ASSIGNMENT —
In the entries below, return only the line containing "Reshiram 26/114, Black & White" and those after it, exactly, through the last line.

GIVEN RECORDS —

--- START ---

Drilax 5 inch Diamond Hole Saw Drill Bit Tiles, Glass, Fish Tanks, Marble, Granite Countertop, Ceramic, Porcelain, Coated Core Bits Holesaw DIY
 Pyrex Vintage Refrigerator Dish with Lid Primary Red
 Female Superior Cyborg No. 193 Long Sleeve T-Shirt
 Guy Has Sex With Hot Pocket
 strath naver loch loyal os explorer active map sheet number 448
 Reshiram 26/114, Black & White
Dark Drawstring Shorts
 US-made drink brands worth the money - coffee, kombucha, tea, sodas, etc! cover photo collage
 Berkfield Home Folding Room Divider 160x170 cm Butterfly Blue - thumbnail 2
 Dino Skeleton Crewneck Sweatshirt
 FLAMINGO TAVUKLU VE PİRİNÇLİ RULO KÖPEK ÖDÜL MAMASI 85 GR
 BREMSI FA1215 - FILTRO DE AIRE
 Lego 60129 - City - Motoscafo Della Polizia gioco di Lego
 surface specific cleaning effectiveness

--- END ---

TASK ANSWER —
 Reshiram 26/114, Black & White
Dark Drawstring Shorts
 US-made drink brands worth the money - coffee, kombucha, tea, sodas, etc! cover photo collage
 Berkfield Home Folding Room Divider 160x170 cm Butterfly Blue - thumbnail 2
 Dino Skeleton Crewneck Sweatshirt
 FLAMINGO TAVUKLU VE PİRİNÇLİ RULO KÖPEK ÖDÜL MAMASI 85 GR
 BREMSI FA1215 - FILTRO DE AIRE
 Lego 60129 - City - Motoscafo Della Polizia gioco di Lego
 surface specific cleaning effectiveness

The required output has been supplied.